Just watched this on PBS. Excellent show. http://youtu.be/jyyYmWXAtLM Four dead - nine wounded at Kent State, two dead - twelve wounded at Jacksonville State. Four million students protest across the nation. 100,000 protestors mass in Washington D.C. A defensive barrier of commercial buses is formed and the 82nd Airborne is bivouacked in the basement of the Executive Office building next door to the White House....... President Nixon wakes his butler at 4:15 AM and announces he is going to the Lincoln Memorial to talk to students holding a vigil..... It repeats locally tomorrow at 1:00 AM.
When that happened, I was a senior in high school. It was a strange feeling to know that I was heading into all that chaos in Boston.
My ex-wife went to Kent State, but she didn't get there until Sept. 1970. She tells me the campus was ultra-conservative at that time. Perhaps kids were too scared to protest anymore.
That's what I noticed... It came down to "they are shooting to kill" and things just sort of fell apart. I was to young to be involved but was watching all this develop because I was going to be "next"... Same with the war... I was going to be "next".
I distinctly remember. At the time I was in my 2nd year at a small PA college about 100 miles away, as the crow flies. I believe this was about the time the PA state police descended in force on our little Pontiac's War battlefield park (not at the college); where all the freaks would gather. Also the time of the demonstrations at the college and riots on main street. We all knew that things had changed.....most Americans had no regard for the student's lives...as they deserved what they got.
How can four people dyeing be related to the civil war? That was like my high schools anual suicide rate
It was a time of internal strife that pitted family members against family members and large segments of the population against other large segments. It was a very polarizing time. John F. Kennedy, Malcolm X, George Lincoln Rockwell, Martin Luther King, Jr., and Robert Kennedy were all assassinated in the sixties. George Wallace was shot in 1972.

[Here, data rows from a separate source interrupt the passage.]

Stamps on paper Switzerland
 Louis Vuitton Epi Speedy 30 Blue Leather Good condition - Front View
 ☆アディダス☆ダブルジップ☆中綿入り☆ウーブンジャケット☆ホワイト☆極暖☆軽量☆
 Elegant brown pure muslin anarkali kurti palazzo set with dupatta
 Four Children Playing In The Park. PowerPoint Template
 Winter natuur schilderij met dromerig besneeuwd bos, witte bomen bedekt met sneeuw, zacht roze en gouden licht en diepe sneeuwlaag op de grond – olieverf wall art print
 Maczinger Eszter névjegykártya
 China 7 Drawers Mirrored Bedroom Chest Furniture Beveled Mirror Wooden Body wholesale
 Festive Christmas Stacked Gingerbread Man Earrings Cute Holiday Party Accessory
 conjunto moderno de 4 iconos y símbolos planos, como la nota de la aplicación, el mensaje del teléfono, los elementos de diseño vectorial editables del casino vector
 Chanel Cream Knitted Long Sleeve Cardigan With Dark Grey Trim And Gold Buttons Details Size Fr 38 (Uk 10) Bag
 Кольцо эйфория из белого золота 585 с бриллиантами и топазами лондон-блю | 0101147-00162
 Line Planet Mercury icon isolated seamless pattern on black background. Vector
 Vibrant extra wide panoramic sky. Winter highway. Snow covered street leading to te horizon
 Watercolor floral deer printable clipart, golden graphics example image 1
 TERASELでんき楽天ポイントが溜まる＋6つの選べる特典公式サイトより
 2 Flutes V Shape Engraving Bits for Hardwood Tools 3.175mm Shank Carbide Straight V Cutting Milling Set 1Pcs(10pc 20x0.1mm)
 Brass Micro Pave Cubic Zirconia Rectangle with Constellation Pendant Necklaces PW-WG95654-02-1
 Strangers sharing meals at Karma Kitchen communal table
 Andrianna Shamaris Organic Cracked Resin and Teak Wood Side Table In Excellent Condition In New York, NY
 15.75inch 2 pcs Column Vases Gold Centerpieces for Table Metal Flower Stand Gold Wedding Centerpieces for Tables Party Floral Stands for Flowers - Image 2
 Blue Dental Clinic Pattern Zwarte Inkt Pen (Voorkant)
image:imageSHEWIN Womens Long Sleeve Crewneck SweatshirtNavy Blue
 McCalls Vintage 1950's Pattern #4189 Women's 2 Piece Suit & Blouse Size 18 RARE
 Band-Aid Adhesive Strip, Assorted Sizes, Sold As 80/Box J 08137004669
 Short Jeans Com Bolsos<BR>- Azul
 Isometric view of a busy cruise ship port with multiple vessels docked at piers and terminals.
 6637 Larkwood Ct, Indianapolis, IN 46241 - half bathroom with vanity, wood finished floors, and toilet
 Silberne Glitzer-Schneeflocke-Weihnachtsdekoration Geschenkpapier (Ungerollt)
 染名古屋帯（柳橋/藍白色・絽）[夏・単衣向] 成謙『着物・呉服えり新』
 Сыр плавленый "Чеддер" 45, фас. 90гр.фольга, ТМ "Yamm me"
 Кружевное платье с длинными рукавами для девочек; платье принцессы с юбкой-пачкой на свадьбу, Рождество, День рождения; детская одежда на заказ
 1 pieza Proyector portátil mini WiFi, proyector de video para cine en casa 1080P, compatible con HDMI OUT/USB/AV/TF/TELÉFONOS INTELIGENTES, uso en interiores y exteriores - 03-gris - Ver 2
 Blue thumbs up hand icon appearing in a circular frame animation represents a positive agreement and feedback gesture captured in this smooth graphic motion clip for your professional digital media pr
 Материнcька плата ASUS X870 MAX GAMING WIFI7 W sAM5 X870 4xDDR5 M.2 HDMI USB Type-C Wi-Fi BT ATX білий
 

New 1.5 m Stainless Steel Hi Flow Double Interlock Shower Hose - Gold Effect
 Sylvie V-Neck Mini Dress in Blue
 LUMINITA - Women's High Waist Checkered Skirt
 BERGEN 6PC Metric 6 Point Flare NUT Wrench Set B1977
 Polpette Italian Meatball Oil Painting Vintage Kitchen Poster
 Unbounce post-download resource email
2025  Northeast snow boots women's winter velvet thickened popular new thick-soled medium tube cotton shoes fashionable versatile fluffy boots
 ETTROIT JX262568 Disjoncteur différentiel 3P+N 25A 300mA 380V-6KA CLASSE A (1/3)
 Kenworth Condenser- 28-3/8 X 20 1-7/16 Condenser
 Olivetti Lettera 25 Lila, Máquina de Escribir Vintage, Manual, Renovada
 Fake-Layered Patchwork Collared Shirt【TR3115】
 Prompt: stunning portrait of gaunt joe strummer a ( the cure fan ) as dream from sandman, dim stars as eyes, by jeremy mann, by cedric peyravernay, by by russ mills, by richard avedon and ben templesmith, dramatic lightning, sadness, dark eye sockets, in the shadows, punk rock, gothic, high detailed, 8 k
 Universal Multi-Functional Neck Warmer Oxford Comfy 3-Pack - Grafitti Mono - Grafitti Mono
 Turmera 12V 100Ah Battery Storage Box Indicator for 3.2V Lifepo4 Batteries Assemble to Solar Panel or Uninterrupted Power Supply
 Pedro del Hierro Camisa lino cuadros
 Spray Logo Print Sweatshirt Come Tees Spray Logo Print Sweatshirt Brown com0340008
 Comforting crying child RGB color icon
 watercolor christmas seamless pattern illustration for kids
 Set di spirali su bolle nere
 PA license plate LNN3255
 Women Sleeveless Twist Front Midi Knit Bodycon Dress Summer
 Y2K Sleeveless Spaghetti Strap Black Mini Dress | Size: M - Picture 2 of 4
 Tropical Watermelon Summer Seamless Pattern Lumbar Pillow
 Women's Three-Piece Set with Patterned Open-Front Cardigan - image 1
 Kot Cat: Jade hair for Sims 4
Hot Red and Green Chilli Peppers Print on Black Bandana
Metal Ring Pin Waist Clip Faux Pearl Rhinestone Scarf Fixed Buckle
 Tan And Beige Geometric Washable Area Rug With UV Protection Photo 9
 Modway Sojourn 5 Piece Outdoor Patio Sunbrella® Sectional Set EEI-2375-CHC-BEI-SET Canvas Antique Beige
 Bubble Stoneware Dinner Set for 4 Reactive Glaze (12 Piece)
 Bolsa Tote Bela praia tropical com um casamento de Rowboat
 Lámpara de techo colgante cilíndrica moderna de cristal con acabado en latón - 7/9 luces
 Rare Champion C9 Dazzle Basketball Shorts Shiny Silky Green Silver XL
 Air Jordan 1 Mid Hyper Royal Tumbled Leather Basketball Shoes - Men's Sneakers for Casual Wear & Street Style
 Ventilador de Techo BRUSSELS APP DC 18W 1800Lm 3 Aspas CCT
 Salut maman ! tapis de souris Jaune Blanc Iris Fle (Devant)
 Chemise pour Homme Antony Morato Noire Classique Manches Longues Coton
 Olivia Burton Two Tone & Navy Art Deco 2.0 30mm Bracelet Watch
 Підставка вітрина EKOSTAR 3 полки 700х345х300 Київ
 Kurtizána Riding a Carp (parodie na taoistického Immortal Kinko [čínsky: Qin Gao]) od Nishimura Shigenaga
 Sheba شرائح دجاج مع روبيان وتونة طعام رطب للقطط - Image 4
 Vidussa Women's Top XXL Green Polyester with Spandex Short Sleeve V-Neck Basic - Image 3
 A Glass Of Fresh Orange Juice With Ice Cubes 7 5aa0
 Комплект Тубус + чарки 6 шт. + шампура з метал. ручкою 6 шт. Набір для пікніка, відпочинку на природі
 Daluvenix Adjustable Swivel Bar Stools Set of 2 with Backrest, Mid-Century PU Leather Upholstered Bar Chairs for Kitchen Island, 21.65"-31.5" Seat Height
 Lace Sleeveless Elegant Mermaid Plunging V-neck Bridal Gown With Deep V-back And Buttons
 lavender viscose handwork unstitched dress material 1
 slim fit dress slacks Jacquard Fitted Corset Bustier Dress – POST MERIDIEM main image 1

I was a first grader. My parents kept me away from the TV while the news story was on. I didn't see the footage until many years later. Growing up in small Southern towns (3), it seemed that in almost every family, all the older people were for the war, and all the young people were against it. This led to a significant loss of respect for older people, especially authority figures of all kinds. I was much too young to understand all the complex causes and impacts of the war, but I was against it mostly because everybody around me was against it, including my parents. They didn't talk about it outside the house. The South always lags behind the rest of America, so as the sixties were winding down in other places, in many ways social and political, they were just getting up to full speed down here.